Poster pemutaran film "Tanah Mama" (Sumber :http://www.21cineplex.com/)
Selama ini, kebanyakan rakyat Indonesia mengenal Papua dari pariwisatanya, sebagian kecil lainnya mengenal Papua dari berbagai konflik didalamnya. Kali ini ada sebuah film yang mencoba mengenal Papua dari sisi lain. Adalah seorang sutradara dan penulis film, Asrida Elisabeth, yang mencoba menggambarkan Papua dari cara pandang seorang Mama Papua.
Film dokumenter sepanjang 62 menit ini menceritakan kehidupan Mama Halosina di Anjelma, sebuah kampung di pedalaman pegunungan Yahukimo Papua, 5 jam perjalanan dengan berjalan kaki dari Wamena. Alur cerita film ini dibiarkan mengalir, tanpa ada sisipan wawancara layaknya film dokumenter, yang kadang justru membosankan. Dari awal hingga akhir, film Tanah Mama terfokus pada kisah Mama Halosina. Setiap pagi selama proses pembuatan film, Mama Halosina memakai klip mikrofon di balik bajunya. Empat juru kamera yang semuanya perempuan mengikuti kehidupan sehari-hari si mama.
Film dokumenter ini awalnya ingin menceritakan tokoh Mama Halosina sebagai seorang dukun beranak di tengah sulitnya fasilitas kesehatan di Papua. Namun alur cerita diubah sang sutradara saat mendapati Halosina pindah dari kampungnya yang berada di Desa Huguma ke Desa Anjelma, karena dianggap mencuri ubi dari kebun adik iparnya. Mama Halosina mencuri ubi karena suaminya, yang memiliki istri kedua, tidak lagi membukakan ladang untuknya sehingga Halosina tidak bisa bercocok tanam dan bekerja di ladang. Sehinga Mama Halosina kesulitan untuk menghidupi dirinya dan keempat orang anaknya.

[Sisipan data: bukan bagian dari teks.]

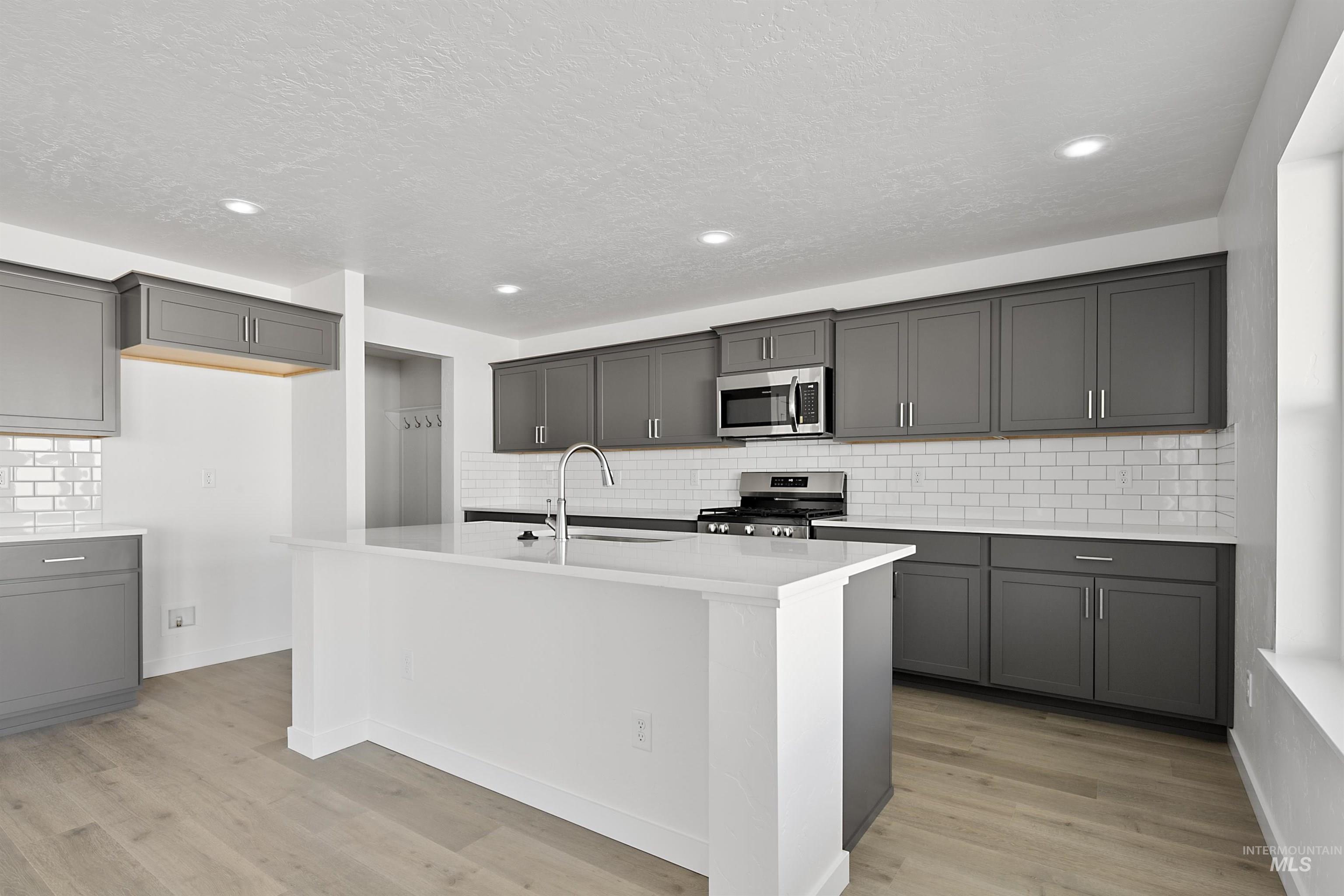 1585 SW Silverstone Ave, Mountain Home, Idaho 83647, 3 Bedrooms, 2.5 Bathrooms, Residential For Sale, Price $439,990, 98955145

Kelaparan dan tidak punya uang serta keharusan untuk menghidupi 4 orang anaknya Halosina terpaksa mengambil ubi dari kebun adik iparnya untuk memberi makan anak-anaknya. Walau bagaimanapun, perilakunya ini dianggap sebagai pelanggaran hukum adat dan ia harus membayar denda . Halosina pun menghadapi kenyataan pahit saat Hosea sang suami sama sekali tidak membelanya di depan Ketua Adat dan adiknya sang pemilik tanah. Ternyata ada alasan sang suami saat tidak membela istrinya, ia merasa malu tidak bisa memberi makan istri dan anak-anaknya
Ketika Mama Halosina memiliki sedikit bawang dan sayuran untuk dijual di pasar kota, hasil yang didapatnya hanya cukup untuk membeli minyak goreng dan obat demam salah satu anaknya. Halosina pun kabur dari desanya. Ketika warga desa merayakan panen ubi, ia hanya bisa menyaksikan dengan sedih karena sudah tak lagi menjadi bagian dari mereka.
Buka Mata Untuk Papua
Film ini dibuat dengan begitu apik menggambarkan Papua dari mata perjuangan seorang Mama Papua. Menurut saya, film ini akan membantu membuka mata para turis di Raja Ampat bahwa Papua tidak hanya soal keindahan alam saja, ada perjuangan memerangi kemisikinan didalamnya. Film ini selayaknya akan membuka mata kelompok OPM di luar negeri bahwa rakyat Papua butuh keadilan, tidak hanya dari pemerintah Indonesia tetapi dari suami dan anggota sukunya sendiri yang juga merupakan orang Papua. Film ini juga harus membuka mata pemerintah Indonesia, bahwa Papua tidak hanya urusan mengurusi kelompok-kelompok separatis saja, tetapi juga rakyat Papua yang lainnya.
Bagi yang ingin memahami tentang sebuah daerah kaya nan indah di ujung timur Indonesia, film ini mungkin bisa menjadi salah satu alternatif tontonan yang mencerahkan.